そして笑いが収まった奏は、じっと椎名と見つめ合った。
「私たちは、きっと夢でつながっていられる気がする」
「夢で?」
「うん。私は、翼の夢を一緒に追い求めることはできないけど、応援してあげられる。翼がその夢を掴むという夢を、私は見ることができる」
「奏さん……」
「翼」
「はい」
「私にずっと夢を見させてくれるって約束できる?」
「それって、いつまでも成功せずに苦労しろってことですか?」
「ふふふ、そうかもね」
「そんな約束はできませんよ。いつかは這い上がってみせますから」
「……そうだね」
その後、奏はベッドに横になったまま、椎名と見つめ合っていたが、ふと、目覚まし時計の「ピピッ! ピピッ!」という電子音が鳴った。
「今日も仕事があるんだった。そろそろ起きないと」
枕元にあった目覚まし時計を止めて上半身を起こした奏に、椎名は「仕事は十時からじゃ?」と尋ねた。
「そうだけど、まだ、シャワーも浴びてなかったし」
ベッドにぺたんと座った奏は手で自分の髪を触った。
「あ~あ、髪、ボサボサ! メイクだって崩れてるよね?」
「そうですね。でも、気になりませんよ。俺だって、おとといから風呂に入ってないですし」
奏と同じようにベッドにあぐらをかいた椎名が髪をかきながら言った。
「子どもじゃないんだから、お風呂くらい入りなさいよ!」
「クレッシェンド・ガーリー・スタイルのPVのことを考えていると、その時間も惜しく感じてしまうんですよ」
「まったく、もう!」
あきれ顔でベッドから降りた奏は、「朝御飯を作るから、翼も食べていきなさい」と言った。
「また、ご馳走してくれるんですか?」
「うん。
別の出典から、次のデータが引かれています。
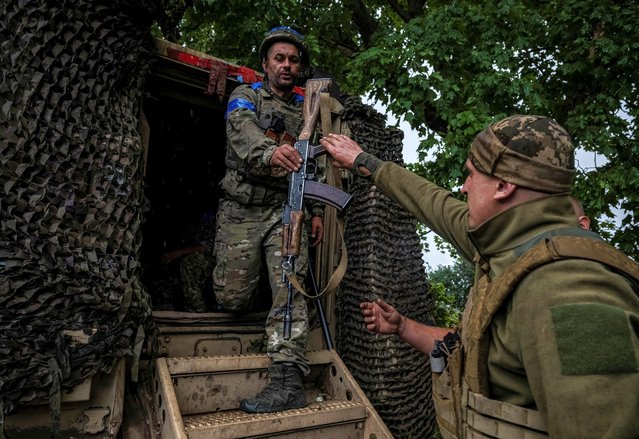 Ukrainian servicemen get out of an armoured personnel carrier, near the Russian border in Sumy region, Ukraine on August 13, 2024. (Photo by Viacheslav Ratynskyi/Reuters)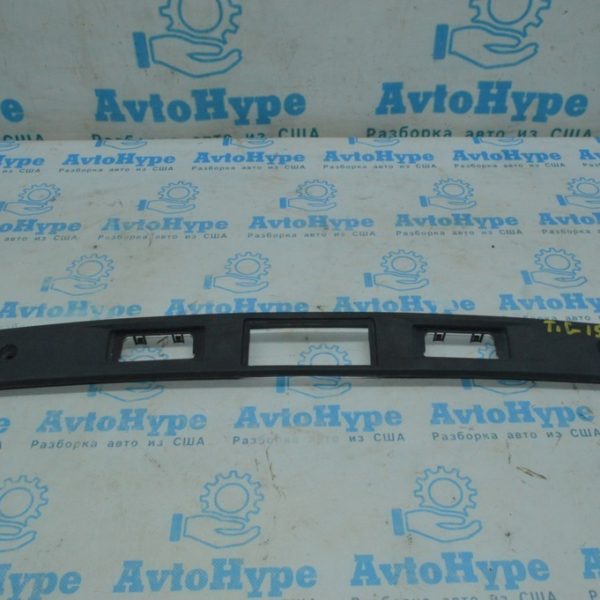 Планка подсветки номера двери багажника VW Tiguan 09-17 5N0-827-287-A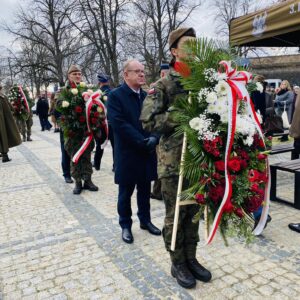 Uczestnicy obchodów rocznicy powstania Armii Krajowej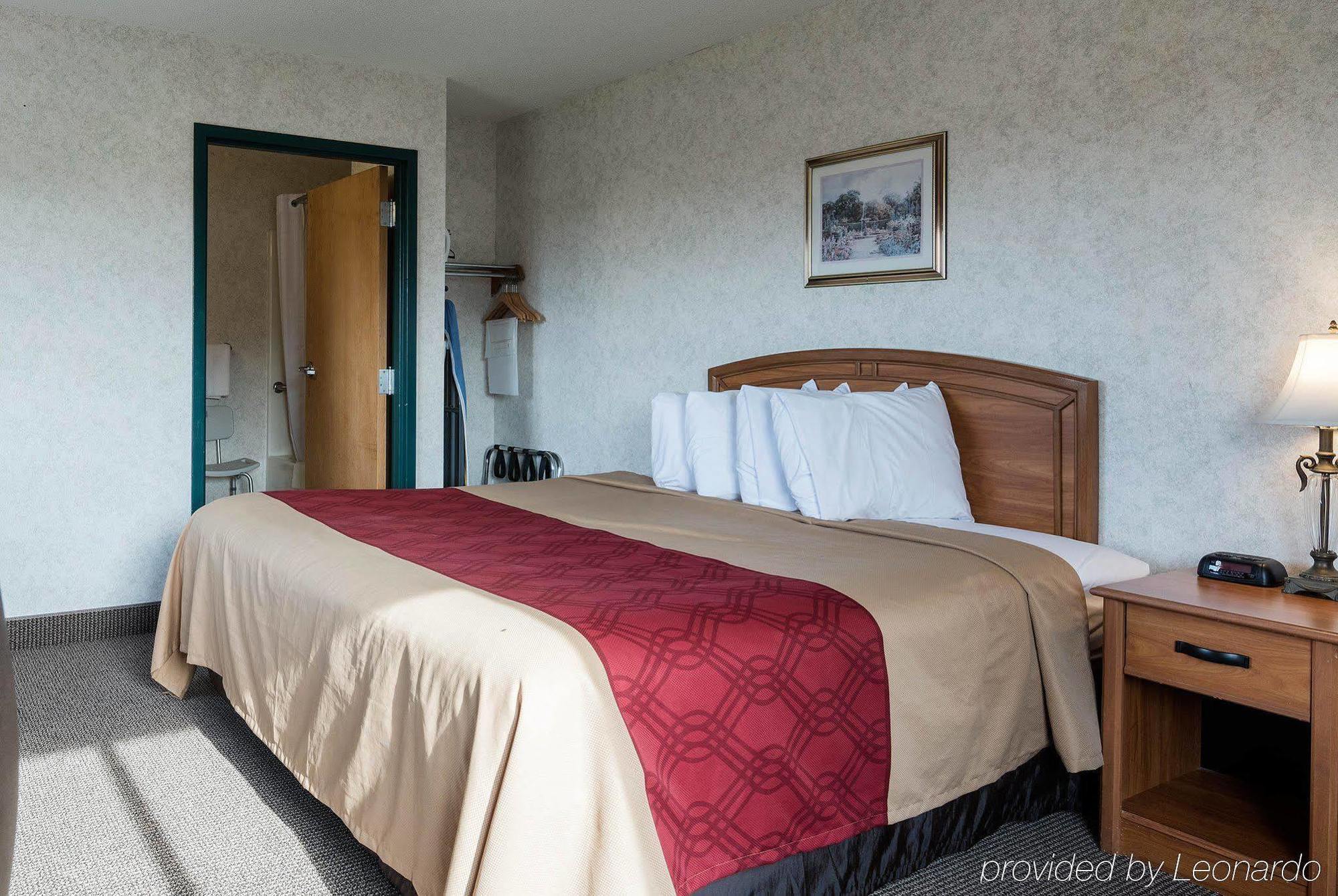 Econo Lodge Inn & Suites Canandaigua Εξωτερικό φωτογραφία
じゃあ、私、シャワー浴びてくるね」
奏が浴室に向かおうとすると、「分かりました。大人しく待ってます」と言い、椎名がベッドに正座した。
「うふふふ」
「何か?」
奏は、そんな椎名が愛おしくてたまらなくなって、ベッドに戻り、猫のように椎名に近づくと、軽くキスをした。